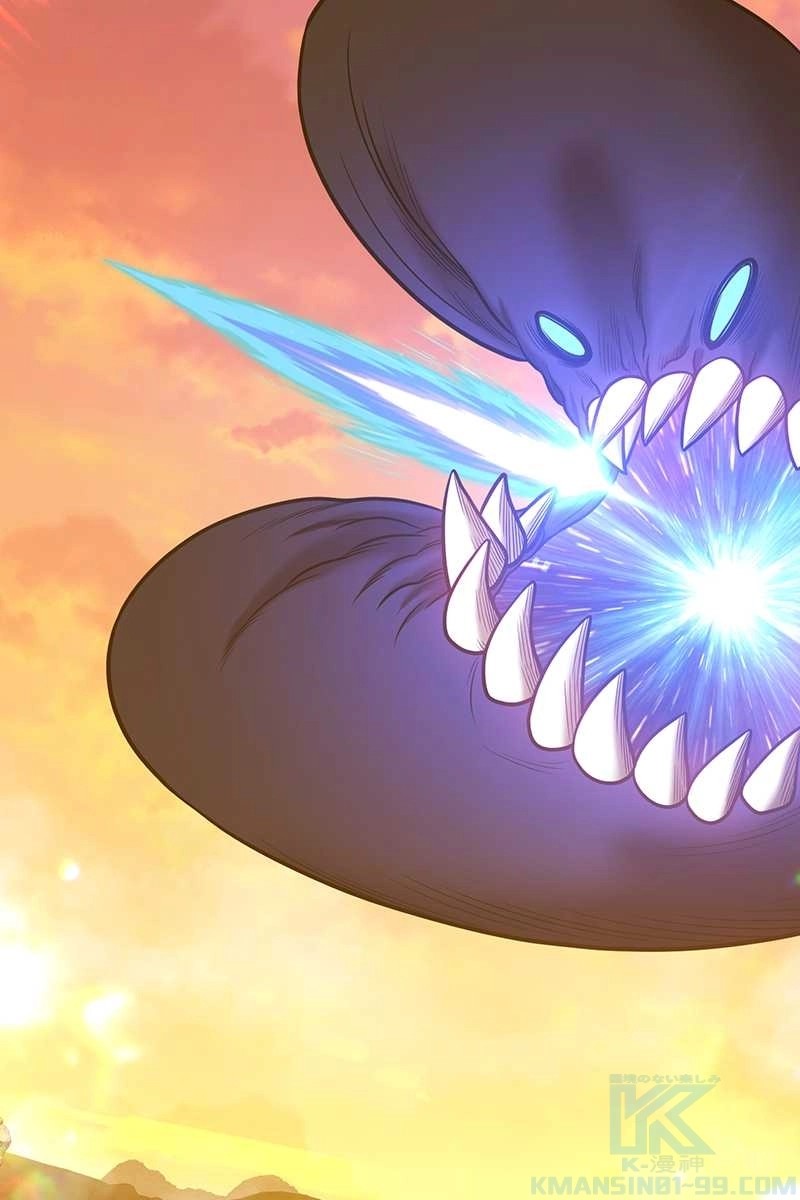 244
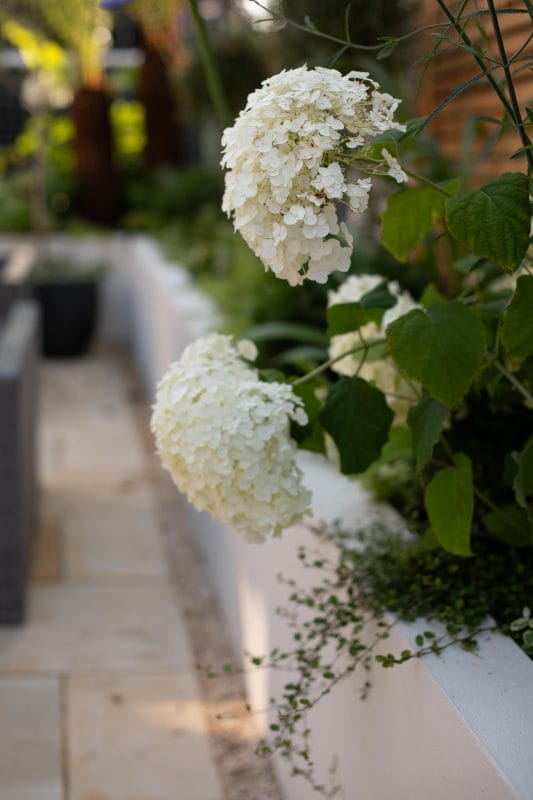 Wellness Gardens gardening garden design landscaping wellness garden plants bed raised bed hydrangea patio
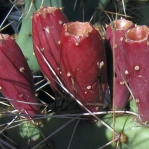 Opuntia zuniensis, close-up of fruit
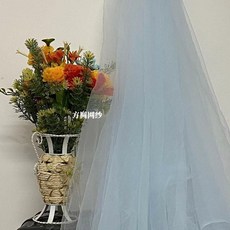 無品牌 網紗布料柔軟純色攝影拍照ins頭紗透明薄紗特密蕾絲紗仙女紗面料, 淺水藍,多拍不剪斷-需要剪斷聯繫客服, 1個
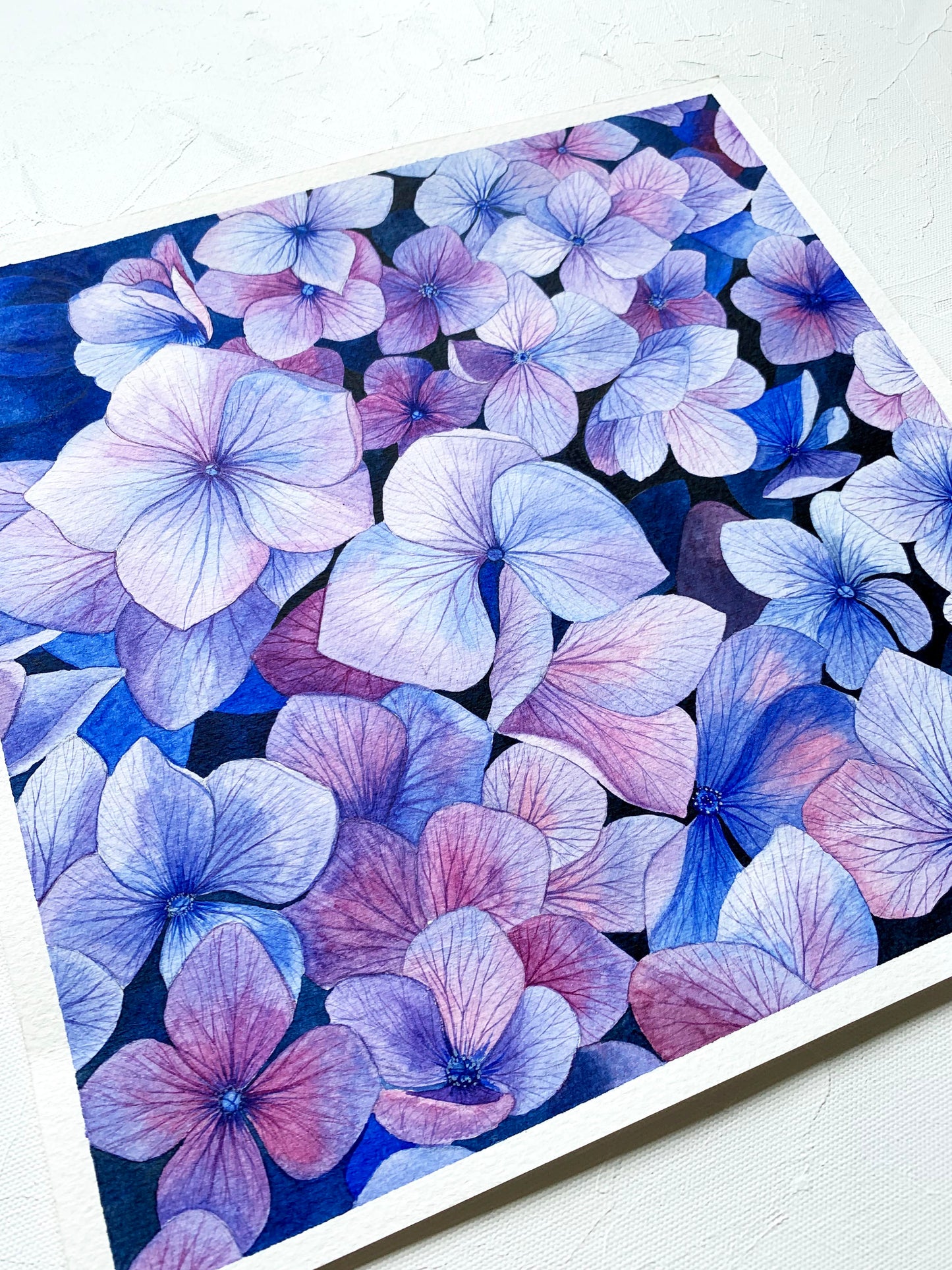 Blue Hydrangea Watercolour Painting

==============================

Take the line containing "無品牌 網紗布料柔軟純色攝影拍照ins頭紗透明薄紗特密蕾絲紗仙女紗面料, 淺水藍,多拍不剪斷-需要剪斷聯繫客服, 1個" as the first and the last line of the records as the end. Print every line in that span exactly, leaving out pictures.

 無品牌 網紗布料柔軟純色攝影拍照ins頭紗透明薄紗特密蕾絲紗仙女紗面料, 淺水藍,多拍不剪斷-需要剪斷聯繫客服, 1個
 Blue Hydrangea Watercolour Painting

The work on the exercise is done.